The editors did not neglect British literature in their quest for clues. A final literary article studies the role of invasion literature which produced Hunnenangst in British public opinion. The author particularly credits Erskine Childers’ classic espionage novel The Riddle of the Sands (1903), which frightened its readers into demanding greater naval spending and construction, and William Le Queux’s The Invasion of 1910 (1906), whose fictional reference to the alleged presence of more than 5000 German spies in Britain accelerated the development of the counter-intelligence bureau MI-5.

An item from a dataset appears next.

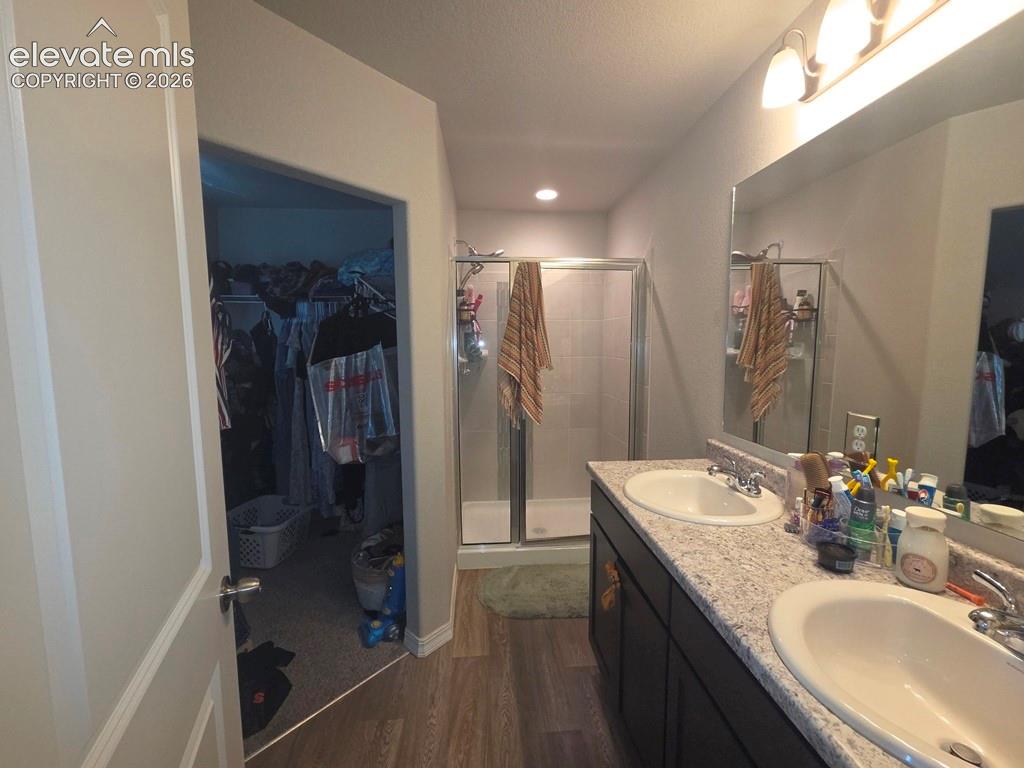 Image 9 of 19: Bathroom
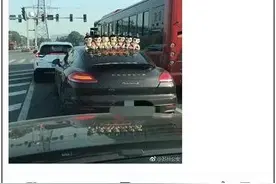 哈哈哈哈……车顶坐了7个葫芦娃，网友的脑洞大出天际图片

Several historiographical articles chart the role of early still photography and film in recording the history of the Imperial Navy. One example describes the photography collection held by the Wehrgeschichtliches Museum in Rastatt (an extraordinary institution that every naval historian needs to visit). Another provides a useful index of feature documentary and feature films produced between 1916 and 1935 with an emphasis on U-boats as ‘undersea heroes’ (Helden der Untersee).
The collection does not neglect architectural representations of the Navy’s history. One article describes the initial establishment of the Naval Monument at Laboe on the twentieth anniversary of the Battle of Jutland, an ironically difficult task with the designers attempting to honour the veterans of the war while staving off the National Socialist regime which sought to use the event for propaganda purposes. The volume’s final article provides an architectural analysis of the Navy’s magnificent and monumental Marineschule in Mürwik, Flensburg, which balanced aesthetics with functionality corresponding to the Navy’s ‘contemporary Zeitgeist’ (p. 239).
In sum, this volume fulfils its eclectic and diverse intent. Other collections elsewhere can review the continuing – sometimes interminable –discussions of the war’s origins, the arguments over ‘risk’ vs. ‘luxury’ fleet, the naval major battles. This collection fills in the gaps with satisfying results.